**Work request:** Copy exactly the lines of the material below that fall between the line with "97Wh Dell 4K1VM Akku" and the line with "la Champions è", both of those lines included; pictures stay out.

**Data shown:**
***

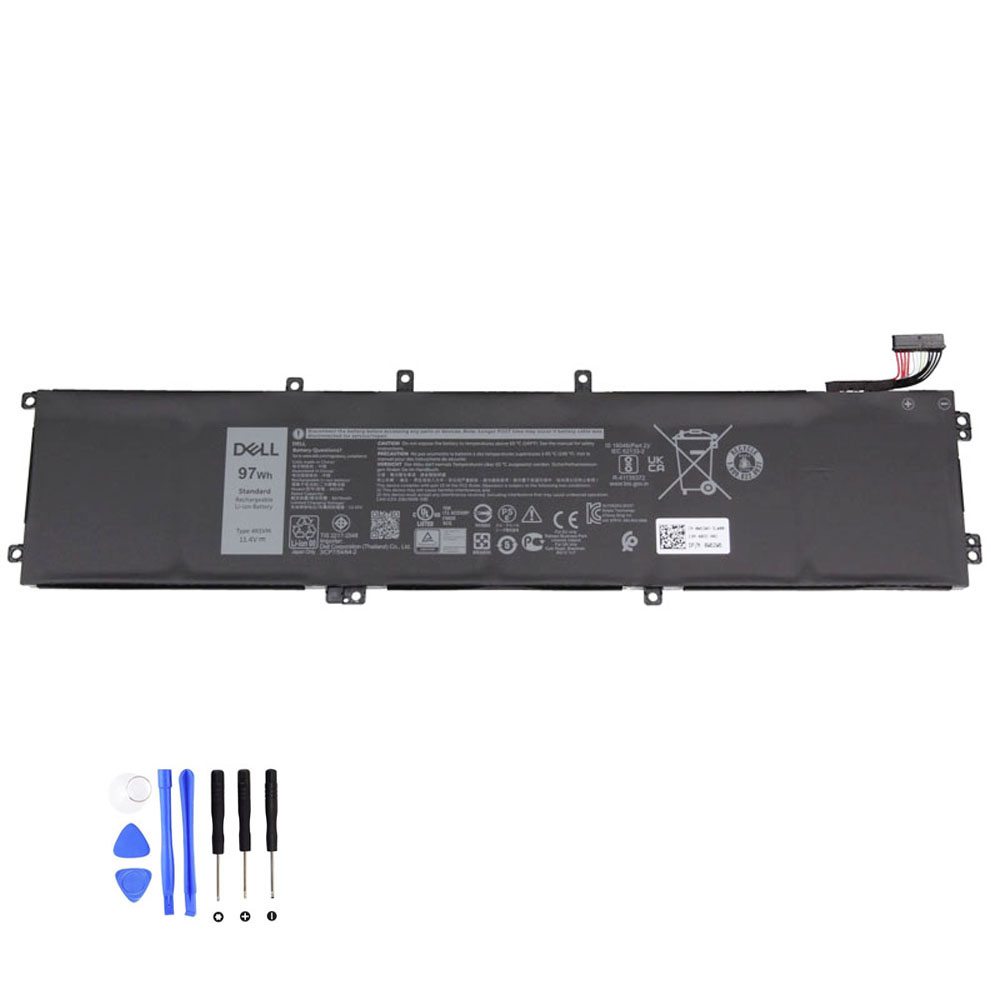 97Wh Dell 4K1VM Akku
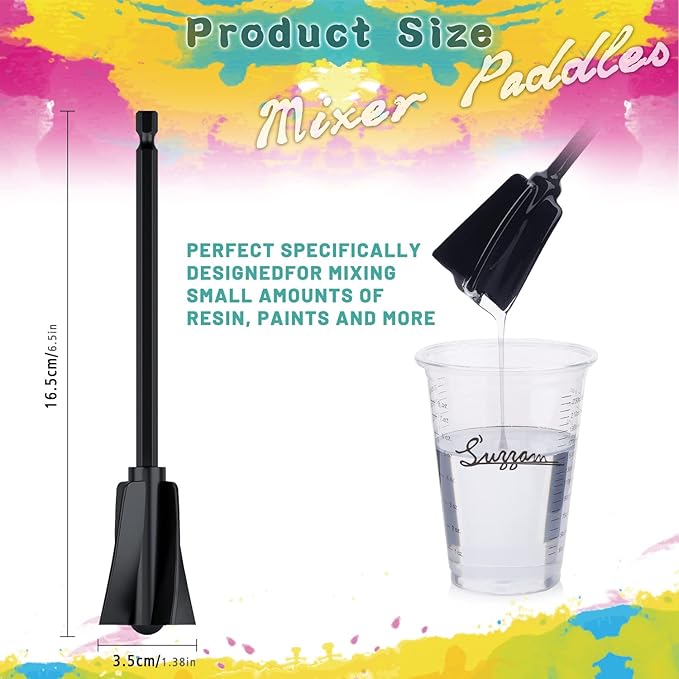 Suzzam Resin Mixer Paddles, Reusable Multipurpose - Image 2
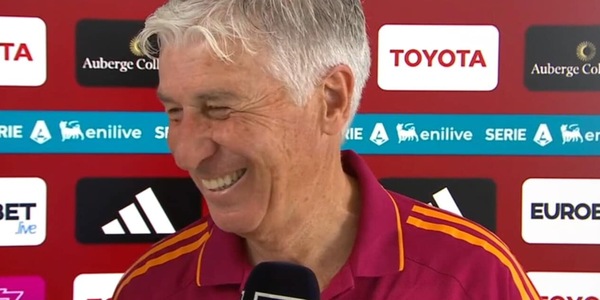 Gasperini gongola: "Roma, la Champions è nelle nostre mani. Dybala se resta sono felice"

***

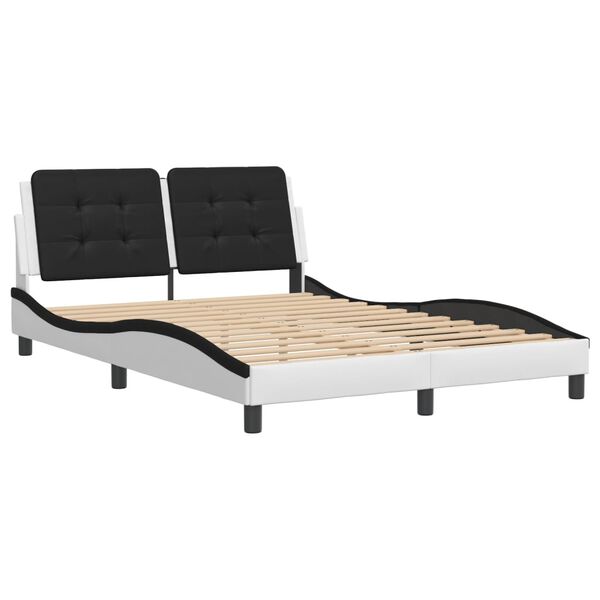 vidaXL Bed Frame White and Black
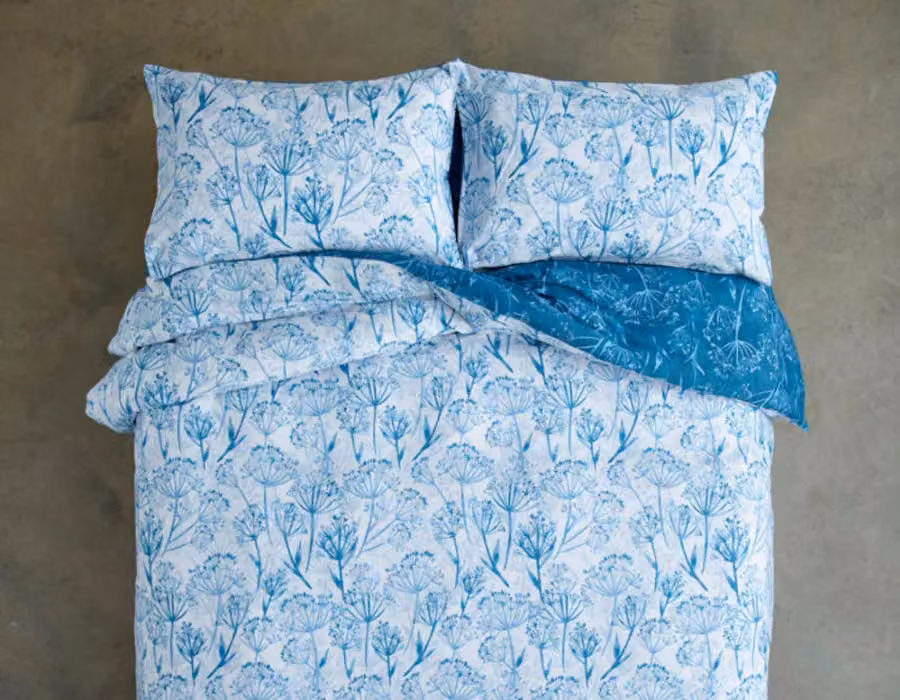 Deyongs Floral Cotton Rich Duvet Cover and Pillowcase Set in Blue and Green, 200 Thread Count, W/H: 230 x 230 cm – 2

***

**Answer section:**
 97Wh Dell 4K1VM Akku
 Suzzam Resin Mixer Paddles, Reusable Multipurpose - Image 2
 Gasperini gongola: "Roma, la Champions è nelle nostre mani. Dybala se resta sono felice"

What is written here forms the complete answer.